You are given a binary string s that contains at least one '1'.

You have to rearrange the bits in such a way that the resulting binary number is the maximum odd binary number that can be created from this combination.

Return _a string representing the maximum odd binary number that can be created from the given combination._

Note that the resulting string can have leading zeros.

 

Example 1:

Input: s = "010"
Output: "001"
Explanation: Because there is just one '1', it must be in the last position. So the answer is "001".

Example 2:

Input: s = "0101"
Output: "1001"
Explanation: One of the '1's must be in the last position. The maximum number that can be made with the remaining digits is "100". So the answer is "1001".

 

Constraints:

• 1 <= s.length <= 100
• s consists only of '0' and '1'.
• s contains at least one '1'.

Solutions

Solution 1: Greedy

First, we count the number of '1's in the string $s$, denoted as $cnt$. Then, we place $cnt - 1$ '1's at the highest position, followed by the remaining $|s| - cnt$ '0's, and finally add one '1'.

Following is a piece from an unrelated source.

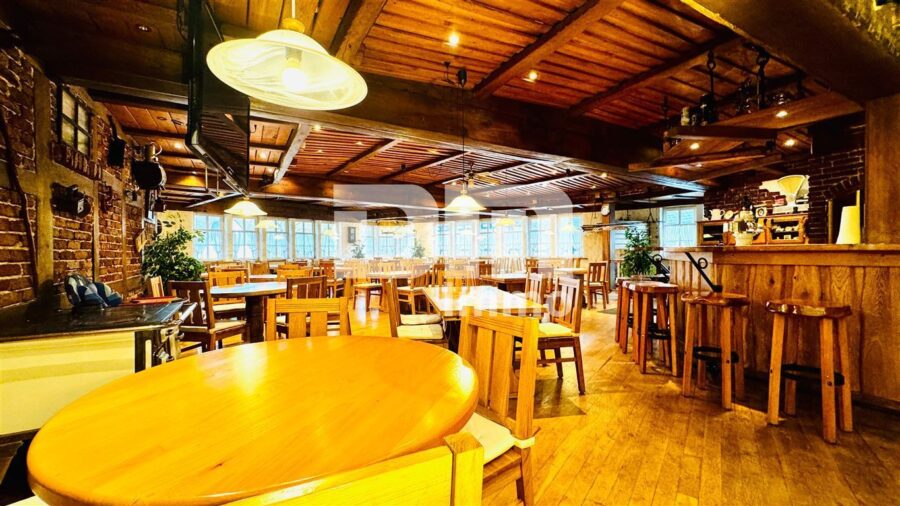 Hochwertiges effizientes Restaurant, Bar und große Wohnung mit Ausbaupotential und Terrasse - EG Restaurantbereich Hauptsaal / Theke / Kamin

The time complexity is $O(n)$, and the space complexity is $O(n)$. Here, $n$ is the length of the string $s$.

class Solution:
  def maximumOddBinaryNumber(self, s: str) -> str:
    cnt = s.count("1")
    return "1" * (cnt - 1) + (len(s) - cnt) * "0" + "1"

class Solution {
  public String maximumOddBinaryNumber(String s) {
    int cnt = s.length() - s.replace("1", "").length();
    return "1".repeat(cnt - 1) + "0".repeat(s.length() - cnt) + "1";
  }
}

class Solution {
public:
  string maximumOddBinaryNumber(string s) {
    int cnt = count(s.begin(), s.end(), '1');
    return string(cnt - 1, '1') + string(s.size() - cnt, '0') + '1';
  }
};

func maximumOddBinaryNumber(s string) string {
  cnt := strings.Count(s, "1")
  return strings.Repeat("1", cnt-1) + strings.Repeat("0", len(s)-cnt) + "1"
}

function maximumOddBinaryNumber(s: string): string {
  const cnt = s.length - s.replace(/1/g, '').length;
  return '1'.repeat(cnt - 1) + '0'.repeat(s.length - cnt) + '1';
}

impl Solution {
  pub fn maximum_odd_binary_number(s: String) -> String {
    let cnt = s
      .chars()
      .filter(|&c| c == '1')
      .count();
    "1".repeat(cnt - 1) + &"0".repeat(s.len() - cnt) + "1"
  }
}